|
|
N°6, 19 января 2009 |
|
ИД "Время" |
|
|
|
|
Миссия выполнима
В Москве выступил «Западно-восточный диван» Даниэля Баренбойма
Оркестр «Западно-восточный диван» Даниэля Баренбойма, давший концерт в Большом зале Консерватории при огромном стечении публики (светской, профессиональной и любительской), -- это не только музыкальный коллектив, но и гуманитарный проект. Оркестр создан по национально-паспортному принципу, в нем играют молодые музыканты из Израиля и арабских стран (есть в нем и люди из стран Европы, но и они не нарушают заявленного национального подхода). Оркестр, название которого взято у поэтической книги Гете (почти в старости открывшего для себя Коран и восточную поэзию), начинал свою жизнь в исторически сложно нагруженном Веймаре с собеседований и семинаров, во время которых Баренбойм вместе с палестинским литератором Эдвардом Саидом учили молодых ребят «сидеть и играть вместе». И существует уже почти десять лет в качестве доказательства непреодолимой силы искусства, способной превозмочь даже войну, хотя проблемы, регулярно возникающие у оркестра, не только творческого характера. Паспортно-визовые сложности арабов и израильтян решаются с помощью ежегодных временных испанских документов, а концерты, призванные быть вопреки всему на свете, иногда и вопреки всем гуманитарным идеям, отменяются совершенно по политическим и сопутствующим им причинам, но не художественным или финансовым резонам (как недавний концерт в Катаре).
Такой проект можно было бы заранее счесть чисто политическим, но, учитывая репутацию дирижера, одного из самых неординарных, творчески смелых и убедительных музыкантов мировой сцены, выступления оркестра видятся смесью политики, миссионерства, идеологии и музыки в пропорции, которую и хотелось бы хоть как-то определить. Словом, заходя в зал, ждешь все-таки музыки. И когда она начинает звучать, сначала разочаровываешься. Первым появляется Моцарт (Концерт для трех фортепиано в исполнении многонационального не только оркестра, но и набора солистов-пианистов: Даниэль Баренбойм и юные Яэль Карет и Карим Саид), однако этот идейно конструктивный Моцарт оркестрово столь приблизителен, что вспоминаешь о молодежном (участникам оркестра -- от 13 до 26) и «фестивальном» принципах работы коллектива (они не трудятся вместе круглый год, но собираются летом, репетируют и после выступают). Потом к своему стыду начинаешь пытаться представить себе, что сейчас думают израильтяне и арабы, сидящие на соседних стульях, и гонишь от себя эти мысли, потому что глупо и неприлично. Но музыка не клеится. После первого отделения люди уходили, советуя тем, кто еще пытался в антракте проникнуть в зал, тоже отправиться домой.

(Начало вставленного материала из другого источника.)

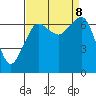 Stuart Island tide chart for Sunday, September 8, 2024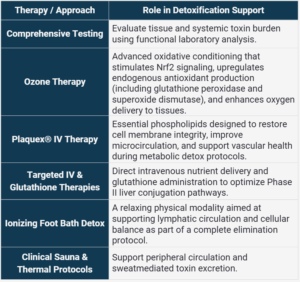 Therapies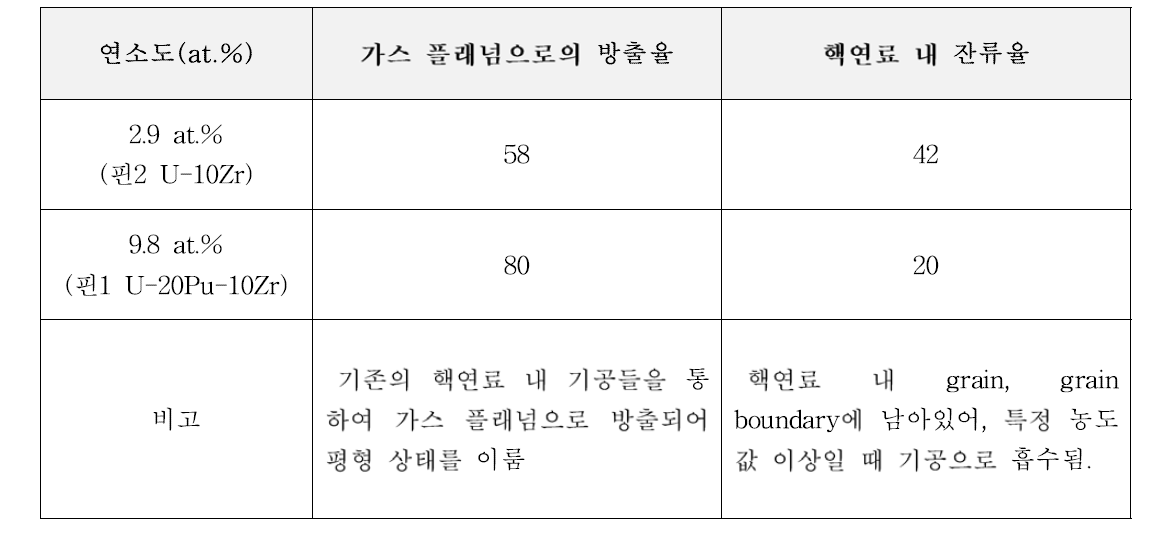 TREAT M7 실험의 핵분열기체 분포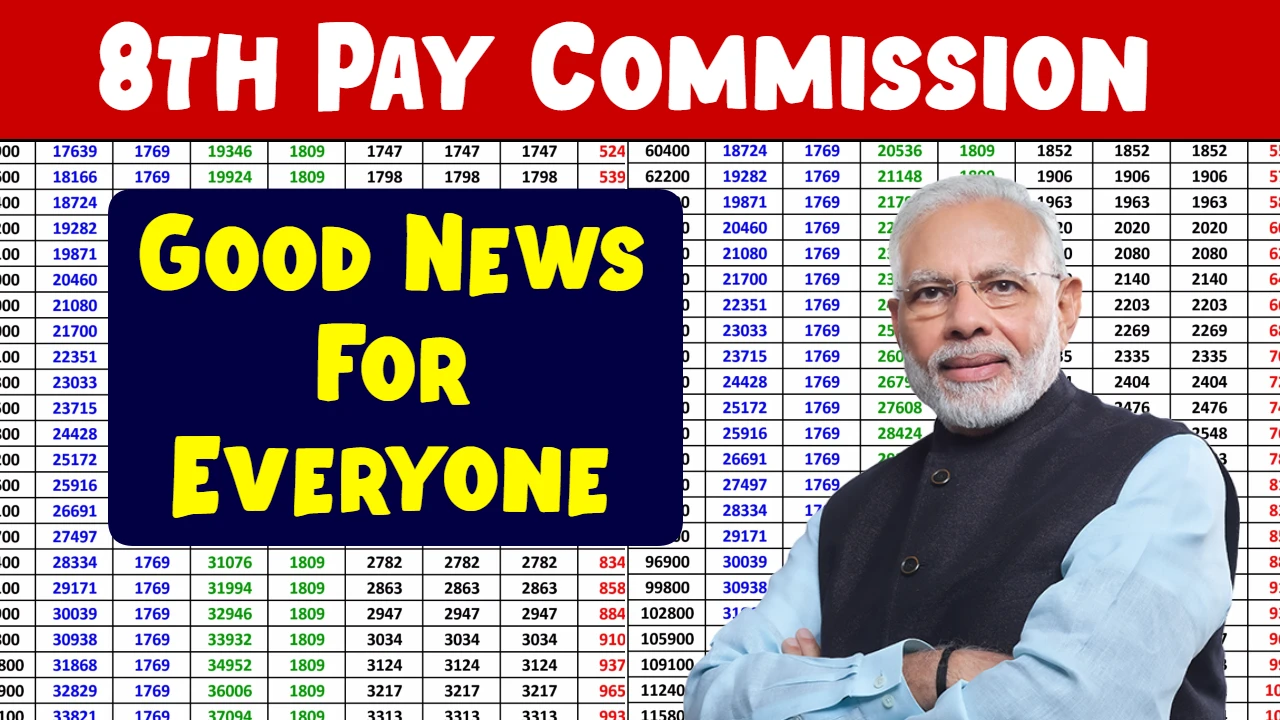 8th Pay Commission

Вторым отделением были Шенберг (Вариации для оркестра) и Четвертая симфония Брамса. И здесь пропорции изменились. Фантастическая дирижерская работа Баренбойма за пультом заставила оркестр звучать, а выражения лиц музыкантов обрели осмысленность и сосредоточенность. После Шенберга Баренбойм вполне заслуженно поднимал музыкантов по отдельности -- все делали свою музыкантскую работу на сто процентов, и хотя в этом Шенберге было чуть меньше свободы, чем могло бы быть, не всякий полностью профессиональный оркестр обнаружит и такую ее степень.
Брамс со сдержанно танцующим за пультом Баренбоймом был по-своему замечательным. Дирижер и оркестр создавали его прямо на сцене (ювелирная отделка, стопроцентная выучка и декоративная функция дирижера -- вообще не этот случай): Баренбойм рисовал в воздухе фразу, оркестр ловил ее, и Брамс начинал петь, грохотать, сверкать и таиться, вытесняя со сцены и грубовато прямолинейную политическую подоплеку, и благородно утонченные философско-идеологические основания. Оркестр играл, как ему полагается, ведь это один из лучших молодежных оркестров в мире. Но еще удивительнее, чем даже доказанная способность музыкантов играть живо и согласно, невзирая на лица, оказывалось понимание того, как много может один человек, а именно Даниэль Баренбойм с его интенсивностью мысли и сугубой музыкальностью всякого, причем не только дирижерского, жеста.